My take on it is that there’s three ways the future could play out:
- The system gets fixed from within. It’s theoretically possible, but the system is designed to resist such changes, so it’s going to take a lot of will and a lot of losing along the way before the entrenched interests lose enough power that meaningful change is possible.
- The system gets replaced from without. It’s pretty much impossible to do this by starting at the top, so you’d have to basically build something that replaces the functional parts of the government at the community level, and then network them together at a municipal, then state, and then, finally, a federal level. I think this is more possible, but I haven’t seen much coordinated work towards making this happen.
- The current systems is allowed to go on until it loses even the barest plausibility of democracy, or until it collapses entirely, with nothing ready to replace it. I think this is, by far, the most likely outcome, and will lead to a lot of death and suffering, and no guarantee that whatever rises to replace it will be any better.
I think people trying for #1 are naïve, but that’s not necessarily a bad thing. Yes, the system is designed to maintain entrenched power structures rather than overthrowing them, but it’s also designed with the pretense of letting “the People” make the decisions. The latter can be exploited to overcome the former, and it’s an attack that can’t be blocked without abandoning the pretense entirely (leading to situation #3).
Actually attempting to achieve result #3, though, is, I think, incredibly heartless and irresponsible. The system is broken, yes, but people are still depending on it to survive, and they will die if the system is allowed to collapse.
Personally, I think that #2 is the best option: to start fresh, in such a way that your new organization is not constrained by the limits of the old one, while keeping the old system, broken as it is, intact until something better is ready to replace it.
If you’re hard at work on option #2: great! I understand how you think that participating in the current system at all might be counterproductive to your goals, so feel free to abstain from voting.
If not, if you’re too busy or too jaded or whatever to not participate in creating the next system, the very least that you can do is try to minimize the damage that the current system is doing, and that requires voting.

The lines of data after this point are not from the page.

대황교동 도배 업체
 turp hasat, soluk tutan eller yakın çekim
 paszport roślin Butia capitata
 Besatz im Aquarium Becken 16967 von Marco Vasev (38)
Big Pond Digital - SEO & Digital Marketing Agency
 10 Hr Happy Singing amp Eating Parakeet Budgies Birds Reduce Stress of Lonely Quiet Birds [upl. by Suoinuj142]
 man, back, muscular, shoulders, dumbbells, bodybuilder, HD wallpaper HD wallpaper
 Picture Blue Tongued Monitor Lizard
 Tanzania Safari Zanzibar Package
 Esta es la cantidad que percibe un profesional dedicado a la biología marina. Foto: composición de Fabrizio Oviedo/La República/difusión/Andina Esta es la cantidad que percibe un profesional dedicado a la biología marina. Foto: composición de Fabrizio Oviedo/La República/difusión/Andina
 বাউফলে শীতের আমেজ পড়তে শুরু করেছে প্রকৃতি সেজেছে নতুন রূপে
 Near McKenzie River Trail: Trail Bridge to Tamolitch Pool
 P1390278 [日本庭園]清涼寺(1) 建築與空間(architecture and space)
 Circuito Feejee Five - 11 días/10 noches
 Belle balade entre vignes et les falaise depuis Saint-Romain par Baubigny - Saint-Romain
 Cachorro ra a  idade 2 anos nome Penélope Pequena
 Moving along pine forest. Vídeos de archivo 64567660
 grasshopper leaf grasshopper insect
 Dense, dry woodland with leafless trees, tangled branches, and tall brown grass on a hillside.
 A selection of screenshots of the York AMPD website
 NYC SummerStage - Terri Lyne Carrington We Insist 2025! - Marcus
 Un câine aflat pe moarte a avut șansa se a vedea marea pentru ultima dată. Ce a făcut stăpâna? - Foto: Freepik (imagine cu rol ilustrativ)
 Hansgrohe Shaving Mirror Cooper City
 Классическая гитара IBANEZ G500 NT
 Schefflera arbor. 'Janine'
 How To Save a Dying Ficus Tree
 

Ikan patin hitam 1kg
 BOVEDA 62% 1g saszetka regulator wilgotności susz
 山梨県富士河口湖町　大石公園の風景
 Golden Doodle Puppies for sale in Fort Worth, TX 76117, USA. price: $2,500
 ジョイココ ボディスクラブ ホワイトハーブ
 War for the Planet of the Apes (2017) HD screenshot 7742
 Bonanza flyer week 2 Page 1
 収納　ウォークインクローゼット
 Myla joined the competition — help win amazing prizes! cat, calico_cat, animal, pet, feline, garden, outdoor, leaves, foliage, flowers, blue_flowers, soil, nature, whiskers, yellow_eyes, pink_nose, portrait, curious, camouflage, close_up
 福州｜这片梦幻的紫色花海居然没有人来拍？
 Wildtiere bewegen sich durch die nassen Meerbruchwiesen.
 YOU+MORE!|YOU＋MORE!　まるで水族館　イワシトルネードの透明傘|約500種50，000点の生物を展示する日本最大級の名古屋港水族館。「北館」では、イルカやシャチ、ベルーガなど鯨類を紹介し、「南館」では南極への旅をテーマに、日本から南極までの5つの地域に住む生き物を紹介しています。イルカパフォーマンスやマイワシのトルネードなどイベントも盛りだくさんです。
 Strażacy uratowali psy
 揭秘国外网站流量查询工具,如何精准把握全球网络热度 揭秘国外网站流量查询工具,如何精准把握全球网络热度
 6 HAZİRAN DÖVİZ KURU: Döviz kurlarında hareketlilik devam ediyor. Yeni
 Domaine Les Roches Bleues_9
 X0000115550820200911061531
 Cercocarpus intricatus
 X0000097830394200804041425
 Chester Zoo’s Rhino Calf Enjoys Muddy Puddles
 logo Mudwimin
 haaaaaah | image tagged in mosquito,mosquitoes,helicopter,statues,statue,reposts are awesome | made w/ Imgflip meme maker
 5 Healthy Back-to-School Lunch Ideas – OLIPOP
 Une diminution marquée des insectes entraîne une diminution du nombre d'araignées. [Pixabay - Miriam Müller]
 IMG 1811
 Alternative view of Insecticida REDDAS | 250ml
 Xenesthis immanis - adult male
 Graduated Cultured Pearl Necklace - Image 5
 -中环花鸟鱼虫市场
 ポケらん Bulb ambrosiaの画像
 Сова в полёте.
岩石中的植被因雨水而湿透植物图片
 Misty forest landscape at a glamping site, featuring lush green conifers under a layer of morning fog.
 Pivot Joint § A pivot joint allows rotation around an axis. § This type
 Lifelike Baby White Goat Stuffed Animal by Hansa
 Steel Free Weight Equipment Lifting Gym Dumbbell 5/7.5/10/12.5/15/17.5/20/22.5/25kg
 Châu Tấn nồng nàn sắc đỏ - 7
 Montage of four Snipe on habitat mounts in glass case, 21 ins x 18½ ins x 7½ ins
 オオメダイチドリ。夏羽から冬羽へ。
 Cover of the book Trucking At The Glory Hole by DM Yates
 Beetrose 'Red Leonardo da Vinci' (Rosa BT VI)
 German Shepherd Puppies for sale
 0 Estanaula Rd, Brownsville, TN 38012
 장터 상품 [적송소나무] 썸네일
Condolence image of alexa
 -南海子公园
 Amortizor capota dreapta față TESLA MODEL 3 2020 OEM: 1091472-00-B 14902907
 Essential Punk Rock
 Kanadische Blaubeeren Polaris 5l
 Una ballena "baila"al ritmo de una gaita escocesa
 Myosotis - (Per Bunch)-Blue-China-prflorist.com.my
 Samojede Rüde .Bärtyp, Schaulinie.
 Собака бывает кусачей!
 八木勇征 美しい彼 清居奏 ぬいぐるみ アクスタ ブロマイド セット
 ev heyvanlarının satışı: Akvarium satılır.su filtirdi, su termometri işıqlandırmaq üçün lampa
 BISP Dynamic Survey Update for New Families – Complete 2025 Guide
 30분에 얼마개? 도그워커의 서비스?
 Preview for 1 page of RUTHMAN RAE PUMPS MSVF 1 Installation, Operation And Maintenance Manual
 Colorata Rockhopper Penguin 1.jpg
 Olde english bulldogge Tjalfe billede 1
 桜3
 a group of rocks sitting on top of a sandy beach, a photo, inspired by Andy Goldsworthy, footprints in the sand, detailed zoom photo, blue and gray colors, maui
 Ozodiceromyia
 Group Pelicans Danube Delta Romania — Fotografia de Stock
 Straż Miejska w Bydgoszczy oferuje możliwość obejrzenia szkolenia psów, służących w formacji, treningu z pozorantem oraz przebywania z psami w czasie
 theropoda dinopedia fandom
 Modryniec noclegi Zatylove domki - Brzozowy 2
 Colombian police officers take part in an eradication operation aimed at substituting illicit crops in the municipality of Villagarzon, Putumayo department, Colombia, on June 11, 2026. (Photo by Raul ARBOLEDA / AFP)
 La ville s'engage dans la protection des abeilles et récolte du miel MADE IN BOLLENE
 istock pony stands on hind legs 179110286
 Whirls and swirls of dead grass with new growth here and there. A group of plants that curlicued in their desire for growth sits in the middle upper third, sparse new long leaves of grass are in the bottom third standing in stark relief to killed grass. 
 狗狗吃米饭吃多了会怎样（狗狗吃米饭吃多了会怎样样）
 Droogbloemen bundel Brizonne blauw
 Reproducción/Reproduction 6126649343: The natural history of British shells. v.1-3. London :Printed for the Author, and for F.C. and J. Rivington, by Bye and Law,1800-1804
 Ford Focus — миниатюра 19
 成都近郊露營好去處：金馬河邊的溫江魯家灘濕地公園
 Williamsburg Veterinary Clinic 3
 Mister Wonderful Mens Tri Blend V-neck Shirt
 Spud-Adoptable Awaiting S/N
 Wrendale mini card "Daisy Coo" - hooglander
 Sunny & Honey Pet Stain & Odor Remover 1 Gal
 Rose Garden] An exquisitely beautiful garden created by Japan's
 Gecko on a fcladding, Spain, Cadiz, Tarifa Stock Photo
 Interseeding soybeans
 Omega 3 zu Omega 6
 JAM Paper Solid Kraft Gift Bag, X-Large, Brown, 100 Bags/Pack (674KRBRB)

To go back to the train analogy: Yes, the train is broken, and had no brakes. But the current conductor is choosing to switch to the tracks where the greatest number of people will be harmed, and that’s something that can be prevented by replacing the conductor. And maybe, just maybe, with a willing conductor and some competent engineers, the brakes can be fixed. I understand not believing that, though, in which case: get those engineers to start building a better train, because this one is going to crash, sooner or later, and unless we can move the passengers over to a train which has brakes, it’s going to end in, well, a bloody trainwreck.